La première mission de l’Eglise consiste à rendre Jésus présent au milieu du monde, non pas comme ferait la pub, non par tapage, mais sans rien dire ni faire, si ce n’est à être son corps. Est-ce évident aux yeux de tous, à nos propres yeux, que le Seigneur a un corps, au milieu du monde, non comme un cadavre en décomposition, qui pue, dont tous se moquent y compris ses membres, mais comme le vivant qui libère du mal, qui délie du mal ? En ce corps, il ne se fait pas (ne devrait pas) faire de mal comme sur la montagne du Seigneur (Is 2, 3-5 et 11, 9).

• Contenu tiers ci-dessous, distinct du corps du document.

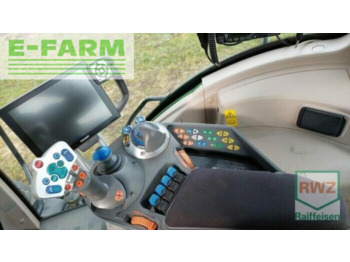 Farm tractor Fendt 824: picture 2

Y aura-t-il dans les sociétés des lieux de paix et de relèvement, de résurrection ? Le Ressuscité annonce par la communauté, par son corps, la paix et par la communauté de son corps relève ceux que sa mort avait abattus. Serons-nous un de ces lieux ?

C’est seulement cela notre mission, la vérité et la qualité de la relation, de la vie entre nous comme avec tous. Non pour qu’entre nous ‑ faut-il le redire ‑ nous soyons bien, souhaitant que personne ne vienne perturber notre pré-carré, mais pour offrir au monde un havre de paix, pour donner envie que le monde entier soit havre de paix, pour témoigner que la vocation de l’humanité est la paix.

Que prenne le feu de la Pentecôte, qu’il s’empare de notre assemblée, vivifie le corps que nous formons et nous consume en une contagion de paix.



Esprit de vie, anime le corps des disciples pour que l’Eglise ne soit pas un cadavre, fût-il embaumé, mais la présence du Ressuscité auprès des hommes et des femmes de toute culture, langue, peuple et nation.

Esprit de paix, inspire aux gouvernants les mots de la concorde alors que la pandémie n’a pas amélioré les relations entre les nations, et que les guerres tuent infiniment plus de personnes que la covid.

Esprit de vérité, souffle à chacun de chercher la vérité en toute chose, de rejeter le mensonge, les théories complotistes, et autres fakes. Il en va autant de la survie des démocraties et de la liberté que de la possibilité pour chacun de vivre d’authentiques relations humaines.

Esprit de sainteté, insuffle en chacun des baptisés le désir brûlant d’être attachés à Jésus de sorte que nous fassions l’expérience de ta miséricorde et soyons toujours plus transformés par sa parole.